Happy to review this shortly.

ablaom commented 8 months ago

Okay, I think I was mistaken to think dumping the model-specific data pre-processing (reformat) and model-specific resampling (selectrows) would slow down IteratedModel. As you point out, we are only calling update after the first train, so the conversion table -> matrix only happens once. I have also confirmed this with a benchmark, where this PR actually runs slightly faster for IteratedModel, for Step sizes of 1, 5, 30 and a total of 300 iterations (details at the end).

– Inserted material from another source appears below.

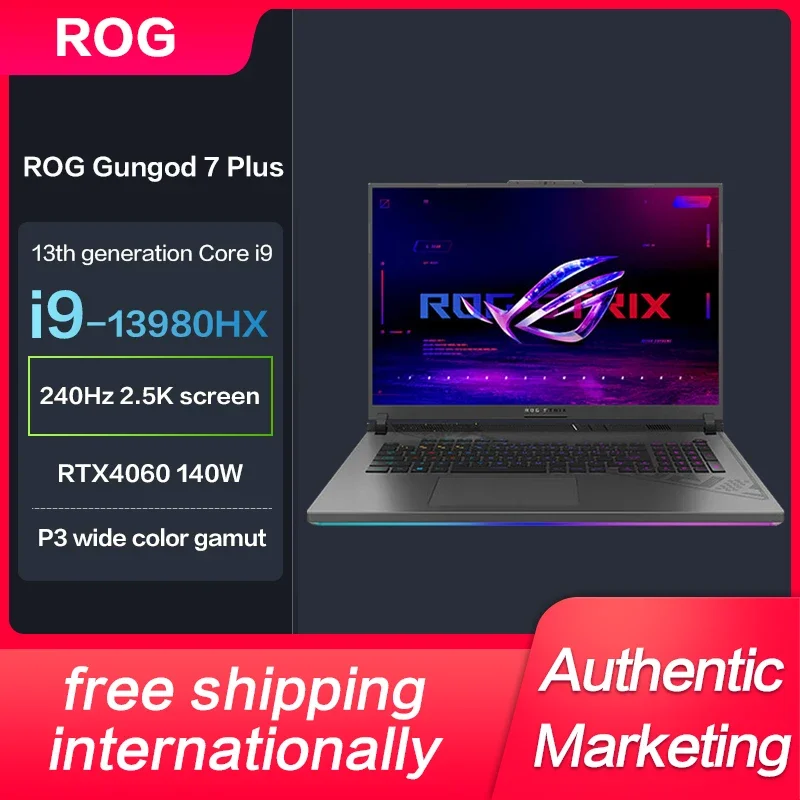 

ROG Strix SCAR 7Plus E-sport Gaming Laptop i9-13980HX RTX4060 RTX4070 240Hz 18Inch Computer Notebook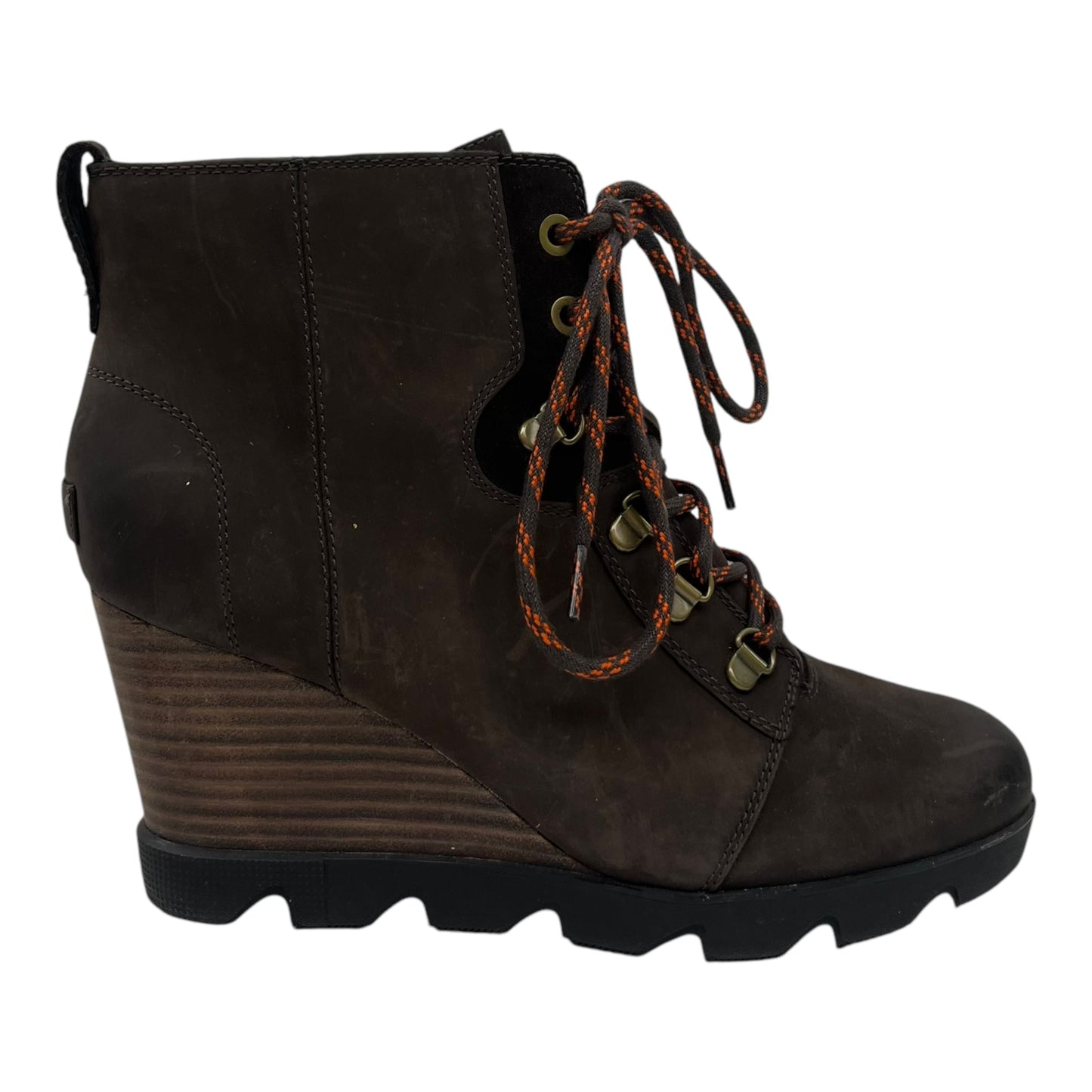 Boots Ankle Heels By Sorel In Brown, Size:11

On the other hand, I do expect some impact on TunedModel wrapping, for here changing the parameter to be tuned means we call fit and not update for each new parameter value. A benchmark suggest this is indeed the case, but the slowdown is small (assuming it's even statistically significant):


# on EvoTrees master branch:

@btime fit!($mach, verbosity=0)
#  15.437 μs (100 allocations: 4.55 KiB)

# on this PR:

@btime fit!($mach, verbosity=0)
#  17.439 μs (100 allocations: 4.55 KiB)

Benchmark details are attached below.

So, I won't push back against your reluctance to update the reformat/selectrows implementation, and assume you have good reasons for not doing so.

I'm not sure I fully understand all the objections to the current API, but I suggest we have this discussion in a different forum. (Still happy to take a call to discuss this.)

API changes to MLJModelInterface, if they are breaking, will not happen in any hurry.

I will proceed with the rest of my review shortly.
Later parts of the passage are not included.